◆ **Task statement**
From the line containing "Set de 3 Posters" through the last line of the entries below, repeat each line word for word and leave out the rest.

═══ Data records ═══

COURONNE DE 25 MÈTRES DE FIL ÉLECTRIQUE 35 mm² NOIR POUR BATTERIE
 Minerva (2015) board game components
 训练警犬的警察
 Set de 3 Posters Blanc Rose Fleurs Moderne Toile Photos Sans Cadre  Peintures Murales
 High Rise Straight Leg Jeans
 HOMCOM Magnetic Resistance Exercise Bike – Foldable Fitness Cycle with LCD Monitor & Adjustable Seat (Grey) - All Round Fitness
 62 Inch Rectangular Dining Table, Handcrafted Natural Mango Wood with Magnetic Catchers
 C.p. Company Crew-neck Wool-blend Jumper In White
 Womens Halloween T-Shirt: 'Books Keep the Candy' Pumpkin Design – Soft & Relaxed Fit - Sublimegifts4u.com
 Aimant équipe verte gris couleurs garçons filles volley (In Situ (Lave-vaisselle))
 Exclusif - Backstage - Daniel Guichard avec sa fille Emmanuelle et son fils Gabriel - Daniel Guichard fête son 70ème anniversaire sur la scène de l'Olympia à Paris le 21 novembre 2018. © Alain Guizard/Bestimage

═══

◆ **Solution for this problem**
 Set de 3 Posters Blanc Rose Fleurs Moderne Toile Photos Sans Cadre  Peintures Murales
 High Rise Straight Leg Jeans
 HOMCOM Magnetic Resistance Exercise Bike – Foldable Fitness Cycle with LCD Monitor & Adjustable Seat (Grey) - All Round Fitness
 62 Inch Rectangular Dining Table, Handcrafted Natural Mango Wood with Magnetic Catchers
 C.p. Company Crew-neck Wool-blend Jumper In White
 Womens Halloween T-Shirt: 'Books Keep the Candy' Pumpkin Design – Soft & Relaxed Fit - Sublimegifts4u.com
 Aimant équipe verte gris couleurs garçons filles volley (In Situ (Lave-vaisselle))
 Exclusif - Backstage - Daniel Guichard avec sa fille Emmanuelle et son fils Gabriel - Daniel Guichard fête son 70ème anniversaire sur la scène de l'Olympia à Paris le 21 novembre 2018. © Alain Guizard/Bestimage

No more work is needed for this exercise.